Sunday, June 20, 2010

Roasted Lobster Tails with Ginger Sauce and Baby Bok Choy

One of the first dates that I had with my husband was at an all-you-can-eat lobster joint in Dallas.  He packed away the lobster while I worked on his all-you-can-eat sides.  10 years later I'm finally learning how to make this delicacy at home.  I was surprised to find how easy it is to cook lobster tails, and you will too when you follow this simple recipe.  Although I love the ginger sauce for dipping, Hunter remains true to the old butter and lemon favorite.  I served the tails and bok choy with a side of mashed potatoes... yummm!
Roasted Lobster Tails with Ginger  Sauce and Baby Bok Choy
3/4 teaspoon dry mustard
1/2 teaspoon water
3 tablespoons low-sodium soy sauce
1 tablespoon plum sauce
1 tablespoon dry sherry
3/4 teaspoon minced peeled fresh ginger

2 (8-ounce) frozen lobster tails, thawed
Cooking spray
1 teaspoon olive oil
1/4 teaspoon dark sesame oil
1/4 teaspoon black pepper
Sliced green onion

Bok Choy:
1/2 cup hoisin sauce
1/4 cup low-sodium soy sauce
1-2 tsp Siracha, to taste
1-2 tsp agave nectar or honey, to taste
Juice of half a lemon
1 jalapeno, sliced (omit if you don't want it to be spicy)
2-3 heads of baby bok choy per person

1. Preheat oven to 425°.

2. To prepare lobster sauce, combine mustard and water in a small bowl; stir well with a whisk. Stir in soy sauce, plum sauce, sherry, and ginger; set aside.

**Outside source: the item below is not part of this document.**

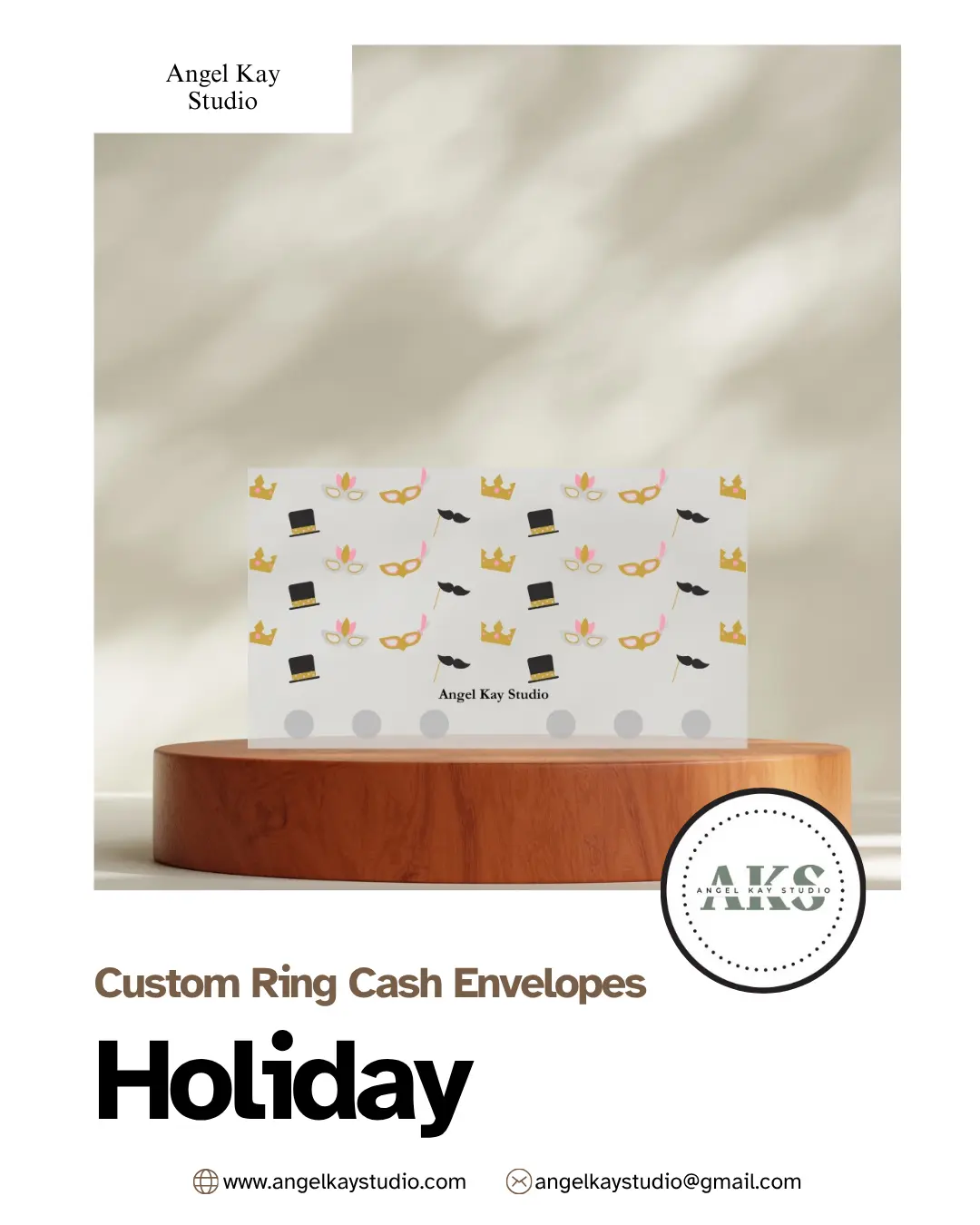 "Holiday" Custom Cash Envelopes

3.  To prepare the bok choy sauce, whisk together the first five ingredients under "Boy Choy".  The sauce should be viscous, like a glaze.
4. To prepare lobster, make a lengthwise cut through the top of each lobster shell using kitchen shears, cutting to, but not through, lobster meat; press shell open. Place the lobster tails, cut sides up, in a shallow roasting pan coated with cooking spray. Combine the oils and pepper, and spoon over the lobster meat.
5. Bake lobster at 425° for 13 minutes or until the lobster meat turns opaque. Serve lobster with sauce, and garnish with onions.
6.  While the lobster is cooking, prepare a steamer (bamboo, metal, whatever you have). Wash and rinse the bok choy, chop into quarters, and place it in the steam along with the slices of jalapeno. Drizzle with a bit of the sauce. Cover the steamer, place over a pot filled with an inch of boiling water, and steam for 3-4 minutes, until the bok choy is just tender when pierced through the bulb with a sharp knife.  Remove bok choy from the steamer to a serving plate, and drizzle with a bit more of the sauce. You can save leftover sauce in a tightly-capped jar in the refrigerator. Serve hot.


  1. I gained 100 points from this dish. I followed the exact recipe but used a grill pan on the stove. Surprisingly, my husband kept saying "he's in heaven" after tasting it.

  2. Lobster recipes can be very expensive to prepare but having them for lunch or dinner can also be a satisfying experience. My wife also prepare a lobster dish at least once a month.